Task statement: The line containing "Aerial view of", plus every line that follows it to the end of the listing below, is what you transcribe exactly; omit all pictures.

Data below:
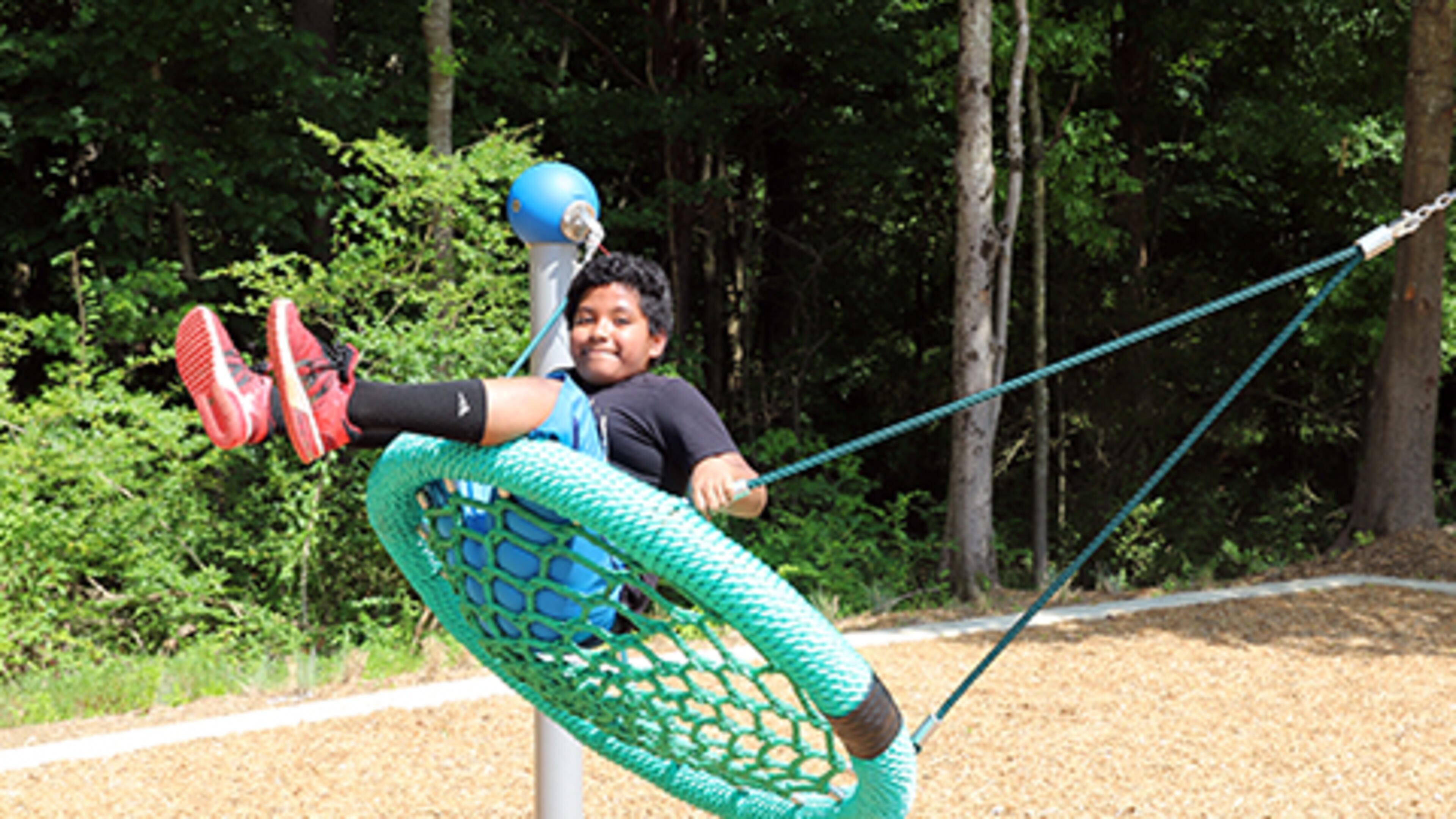 A visitor enjoys the new additions to Club Drive Park near Lawrenceville. SPECIAL PHOTO / GWINNETT COUNTY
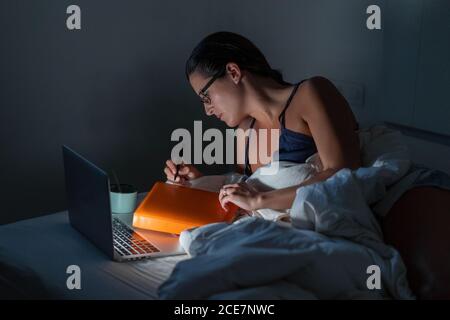 Focused serious female entrepreneur lying on bed and browsing laptop working remotely at night Stock Photo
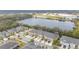 Aerial view of townhouses near a lake at 10108 Newel Valley Loop, Riverview, FL 33569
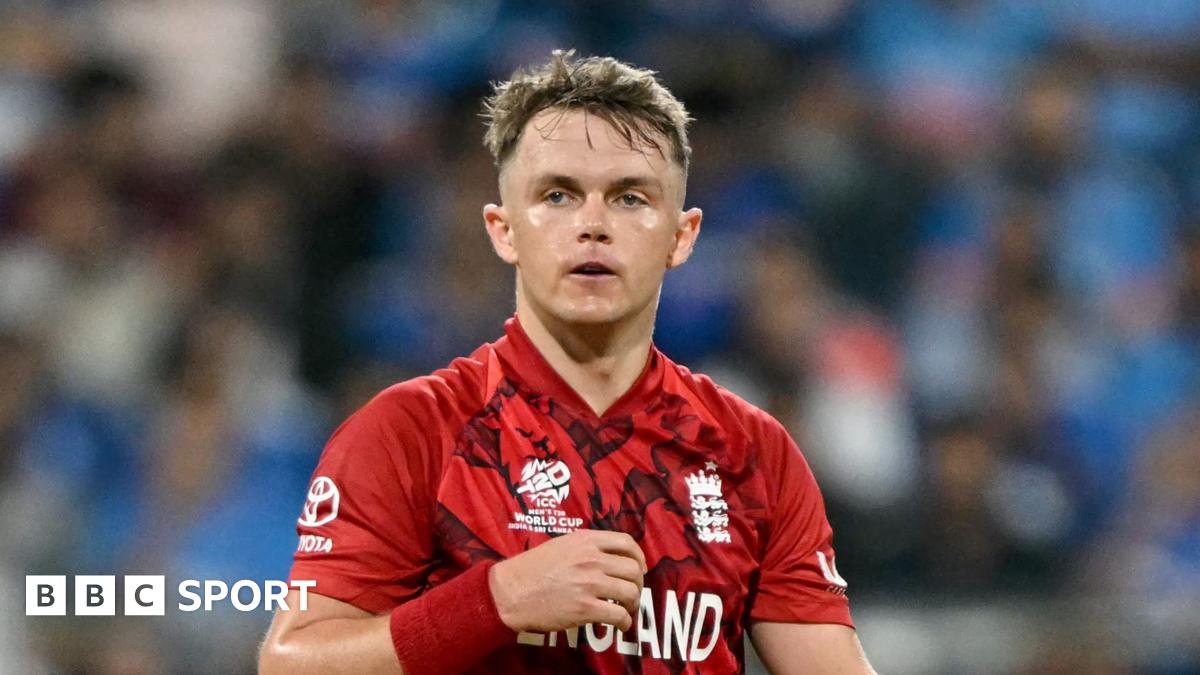 Sam Curran wearing a red England jersey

Written answer:
 Aerial view of townhouses near a lake at 10108 Newel Valley Loop, Riverview, FL 33569
 Sam Curran wearing a red England jersey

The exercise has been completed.